Prompt: Below are the records to retype. Keep every character exactly and leave out the pictures.

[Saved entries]
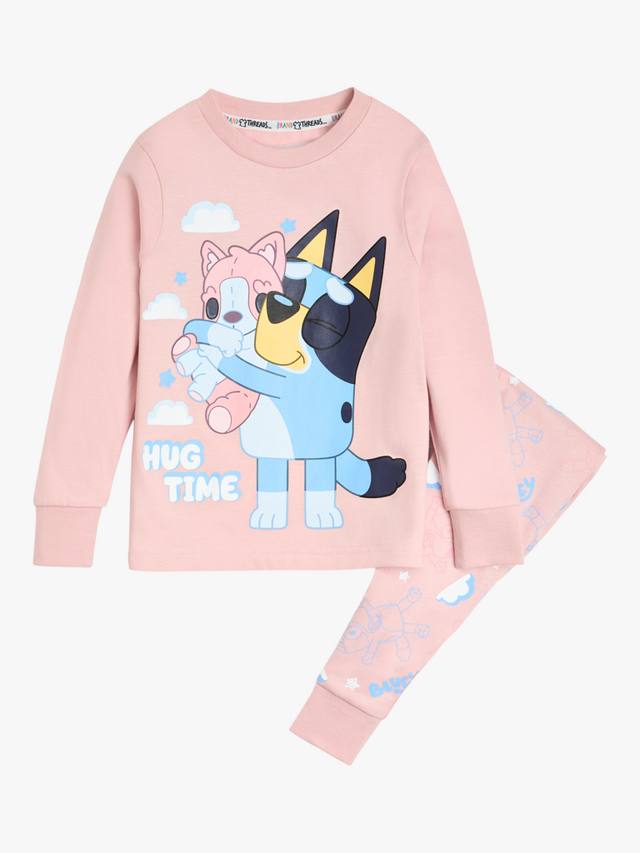 Детский пижамный комплект Bluey Brand Threads, Pink/Multi
Детский пижамный комплект Bluey Brand Threads, Pink/Multi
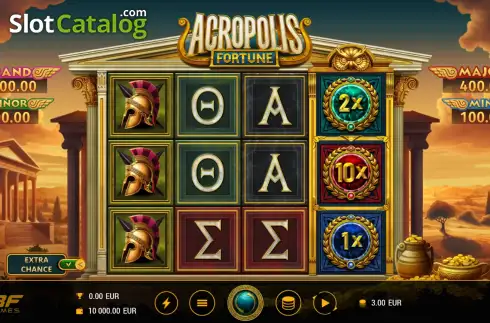 Οθόνη2. Acropolis Fortune Κουλοχέρης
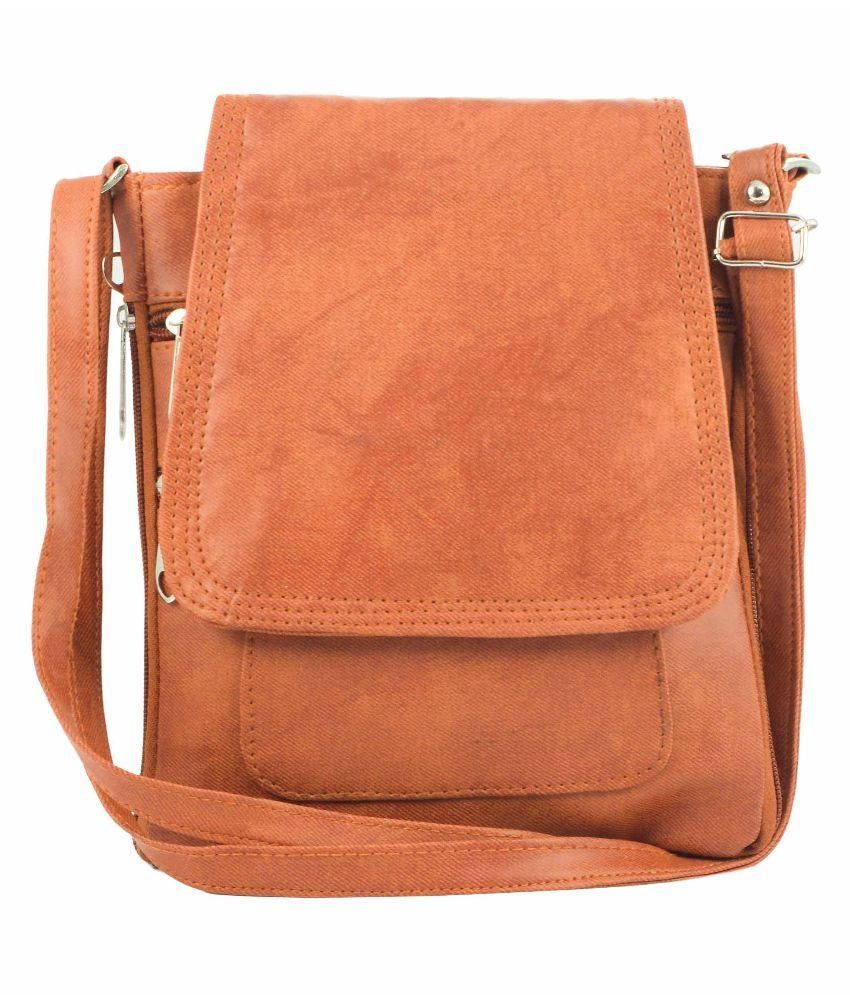 fabric sling purse
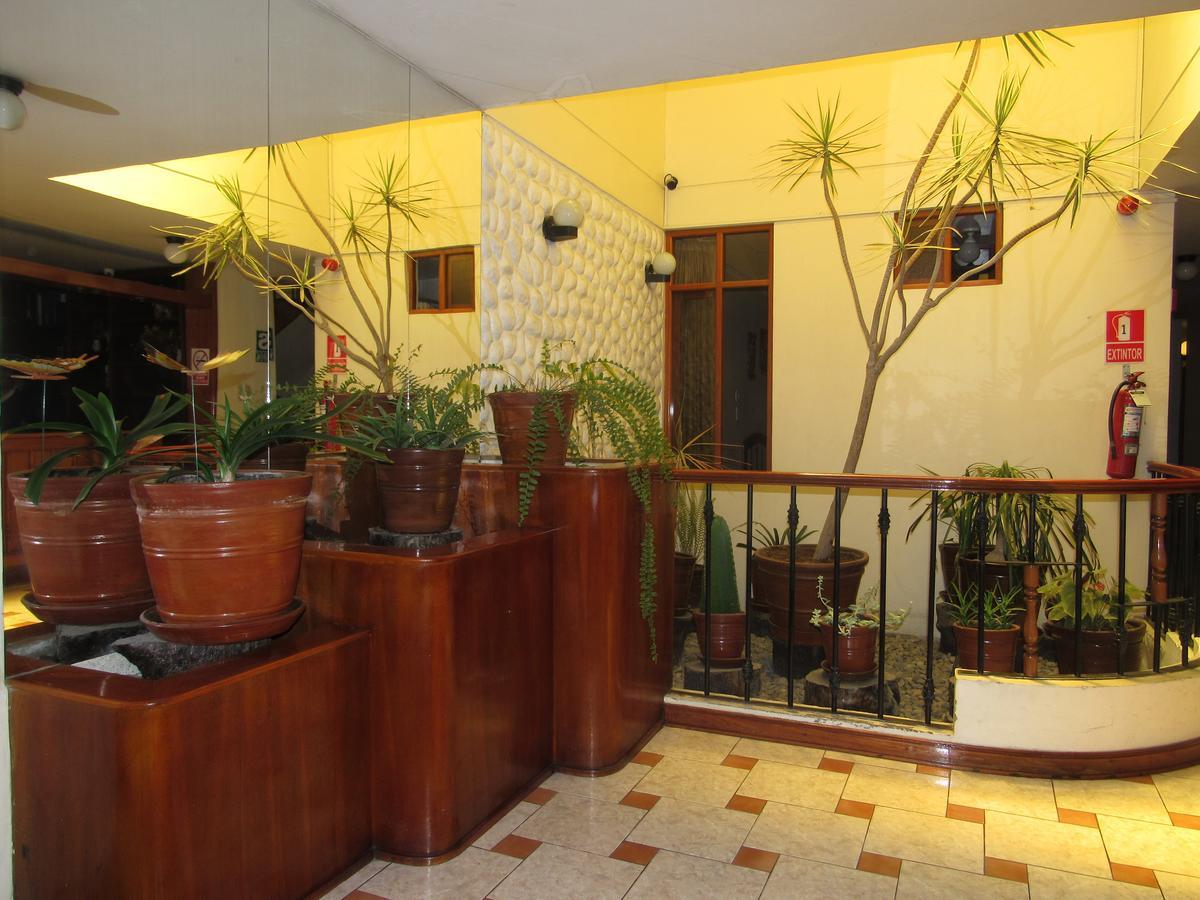 Hostal Siglo 21 Tacna Eksteriør billede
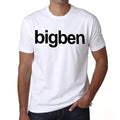 Big Ben Tourist Attraction Men's Short Sleeve Round Neck T-shirt 00071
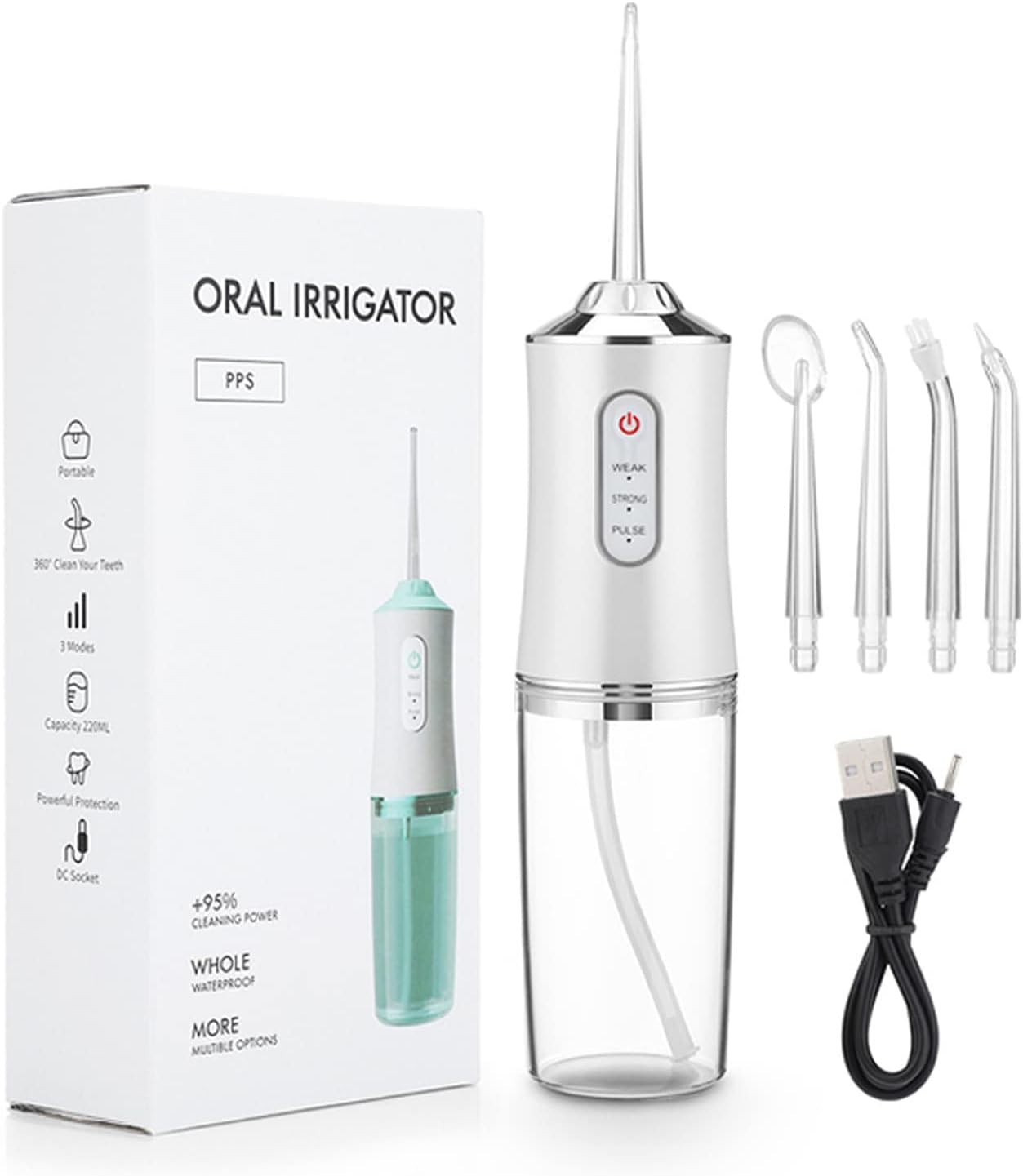 IRRIGADOR ORAL RECARGABLE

Response below:
 Детский пижамный комплект Bluey Brand Threads, Pink/Multi
Детский пижамный комплект Bluey Brand Threads, Pink/Multi
 Οθόνη2. Acropolis Fortune Κουλοχέρης
 fabric sling purse
 Hostal Siglo 21 Tacna Eksteriør billede
 Big Ben Tourist Attraction Men's Short Sleeve Round Neck T-shirt 00071
 IRRIGADOR ORAL RECARGABLE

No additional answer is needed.